The X-E3 has dropped by $200, bringing the body under $500. At this price, it's a great option if you're interested in a slim, rangefinder-style camera, or even a competent backup or alternate body style for X-T and X-H users. With the 18-55mm lens, you could get a great rangefinder body and lens for less than $800. Also available is the 23mm f/2, if you want to really embrace the classic rangefinder walk around style, while still being able to swap out other focal lengths — definitely something to consider if you've ever been interested in the X100 line.
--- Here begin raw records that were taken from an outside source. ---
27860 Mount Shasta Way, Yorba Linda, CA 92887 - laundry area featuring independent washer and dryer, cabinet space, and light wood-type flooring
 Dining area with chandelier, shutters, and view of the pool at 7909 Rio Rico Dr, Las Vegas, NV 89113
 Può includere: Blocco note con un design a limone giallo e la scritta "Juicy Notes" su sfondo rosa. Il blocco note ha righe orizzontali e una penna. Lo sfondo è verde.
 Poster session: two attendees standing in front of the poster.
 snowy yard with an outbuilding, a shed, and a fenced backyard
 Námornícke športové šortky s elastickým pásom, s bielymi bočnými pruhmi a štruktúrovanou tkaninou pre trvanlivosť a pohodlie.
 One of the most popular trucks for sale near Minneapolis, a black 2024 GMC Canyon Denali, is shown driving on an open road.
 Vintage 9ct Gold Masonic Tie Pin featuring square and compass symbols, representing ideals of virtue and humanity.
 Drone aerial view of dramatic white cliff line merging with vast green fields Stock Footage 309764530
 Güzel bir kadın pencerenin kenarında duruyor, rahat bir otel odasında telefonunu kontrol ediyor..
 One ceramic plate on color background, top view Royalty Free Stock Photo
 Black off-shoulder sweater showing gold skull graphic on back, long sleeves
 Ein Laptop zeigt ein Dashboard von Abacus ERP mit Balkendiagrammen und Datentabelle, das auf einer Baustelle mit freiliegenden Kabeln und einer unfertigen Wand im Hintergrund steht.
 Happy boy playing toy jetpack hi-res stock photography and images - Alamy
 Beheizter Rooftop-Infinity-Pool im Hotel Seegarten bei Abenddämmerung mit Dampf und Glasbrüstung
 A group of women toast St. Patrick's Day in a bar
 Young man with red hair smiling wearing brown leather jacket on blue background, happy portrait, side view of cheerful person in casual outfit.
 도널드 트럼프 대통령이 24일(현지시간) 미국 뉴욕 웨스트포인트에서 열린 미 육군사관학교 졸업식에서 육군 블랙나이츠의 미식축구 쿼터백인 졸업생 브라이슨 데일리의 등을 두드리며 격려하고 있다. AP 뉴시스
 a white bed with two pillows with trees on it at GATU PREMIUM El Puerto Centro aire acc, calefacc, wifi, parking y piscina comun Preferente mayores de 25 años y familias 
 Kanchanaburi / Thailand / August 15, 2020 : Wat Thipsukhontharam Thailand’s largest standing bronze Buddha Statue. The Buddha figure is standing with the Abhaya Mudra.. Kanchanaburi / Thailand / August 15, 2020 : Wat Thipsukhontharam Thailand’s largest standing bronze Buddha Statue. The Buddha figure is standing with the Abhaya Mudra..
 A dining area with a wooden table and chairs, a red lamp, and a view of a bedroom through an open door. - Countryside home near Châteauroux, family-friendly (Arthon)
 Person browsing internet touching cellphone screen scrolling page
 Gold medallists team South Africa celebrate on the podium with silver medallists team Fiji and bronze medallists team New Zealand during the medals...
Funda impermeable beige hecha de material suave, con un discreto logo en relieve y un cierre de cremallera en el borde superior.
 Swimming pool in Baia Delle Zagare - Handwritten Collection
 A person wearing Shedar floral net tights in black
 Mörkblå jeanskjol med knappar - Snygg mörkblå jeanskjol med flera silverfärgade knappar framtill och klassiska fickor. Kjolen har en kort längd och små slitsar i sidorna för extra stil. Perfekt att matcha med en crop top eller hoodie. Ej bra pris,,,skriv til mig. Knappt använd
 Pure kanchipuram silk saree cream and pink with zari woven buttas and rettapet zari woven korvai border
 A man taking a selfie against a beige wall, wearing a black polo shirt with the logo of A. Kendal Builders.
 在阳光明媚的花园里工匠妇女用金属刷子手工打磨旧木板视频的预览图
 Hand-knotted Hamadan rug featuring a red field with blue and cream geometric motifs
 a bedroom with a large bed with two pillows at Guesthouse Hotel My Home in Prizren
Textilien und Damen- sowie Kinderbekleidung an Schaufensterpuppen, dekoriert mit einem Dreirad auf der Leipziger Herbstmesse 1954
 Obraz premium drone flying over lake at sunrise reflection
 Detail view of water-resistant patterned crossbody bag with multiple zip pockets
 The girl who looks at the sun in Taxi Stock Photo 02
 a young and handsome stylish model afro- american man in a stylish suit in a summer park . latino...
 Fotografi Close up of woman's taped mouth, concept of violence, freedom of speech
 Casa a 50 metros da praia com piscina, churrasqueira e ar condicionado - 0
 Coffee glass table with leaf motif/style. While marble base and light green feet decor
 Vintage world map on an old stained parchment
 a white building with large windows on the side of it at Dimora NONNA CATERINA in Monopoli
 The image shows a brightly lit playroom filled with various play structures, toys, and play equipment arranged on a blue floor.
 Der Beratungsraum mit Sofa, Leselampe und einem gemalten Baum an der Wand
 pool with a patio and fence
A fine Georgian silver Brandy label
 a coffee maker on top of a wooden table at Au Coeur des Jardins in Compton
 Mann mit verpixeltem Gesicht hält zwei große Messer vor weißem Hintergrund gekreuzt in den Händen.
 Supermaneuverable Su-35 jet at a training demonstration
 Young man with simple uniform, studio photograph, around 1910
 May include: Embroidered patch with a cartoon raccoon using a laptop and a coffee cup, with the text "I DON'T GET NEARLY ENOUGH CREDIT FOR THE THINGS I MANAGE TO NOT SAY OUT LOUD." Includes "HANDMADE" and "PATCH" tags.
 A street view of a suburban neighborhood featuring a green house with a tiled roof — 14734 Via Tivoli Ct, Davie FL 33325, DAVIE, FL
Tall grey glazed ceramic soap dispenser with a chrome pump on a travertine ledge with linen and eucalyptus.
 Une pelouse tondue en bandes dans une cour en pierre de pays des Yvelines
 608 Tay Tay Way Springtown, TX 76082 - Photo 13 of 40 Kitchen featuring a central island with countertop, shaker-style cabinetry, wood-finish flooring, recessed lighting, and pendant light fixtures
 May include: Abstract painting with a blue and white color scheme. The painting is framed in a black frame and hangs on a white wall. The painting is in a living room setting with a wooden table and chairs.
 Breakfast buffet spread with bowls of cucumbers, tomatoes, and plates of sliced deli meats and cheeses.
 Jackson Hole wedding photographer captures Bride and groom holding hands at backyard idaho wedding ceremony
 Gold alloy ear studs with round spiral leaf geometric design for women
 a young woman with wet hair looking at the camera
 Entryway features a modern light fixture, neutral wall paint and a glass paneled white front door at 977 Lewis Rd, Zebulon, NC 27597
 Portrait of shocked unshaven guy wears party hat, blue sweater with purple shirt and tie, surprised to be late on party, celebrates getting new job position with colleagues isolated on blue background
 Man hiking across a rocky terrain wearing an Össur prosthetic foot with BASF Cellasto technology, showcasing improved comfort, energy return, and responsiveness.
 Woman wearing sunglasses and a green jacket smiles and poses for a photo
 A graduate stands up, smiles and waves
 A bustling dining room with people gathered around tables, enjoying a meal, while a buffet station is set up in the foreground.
If you or someone you know is looking for an all-in-one kit, the X-T200 kits not only offer a savings of $100, but also a bundled copy of Luminar 4. We've covered Luminar 4 in some other pieces, but the headline could read "Feature rich, but easy to use editing software". Taken together, the X-T200 is a great value to get started with, since you'll have access to Fuji's large lens catalog, as well as a great piece of software to edit with.
Speaking of Fuji's large lens catalog, there's sale pricing on a number of Fuji's lenses. The discounts are mostly available for Fuji's premium lenses, including cinema zooms, an ultra-wide, and their high-performance telephoto options. Depending on the lens, you may also be eligible to receive a free copy of Luminar 4, an $89 value. Check out Skylum's blog post here for more information on the qualifying lenses, or look under the "Add to Cart" button on B&H for availability.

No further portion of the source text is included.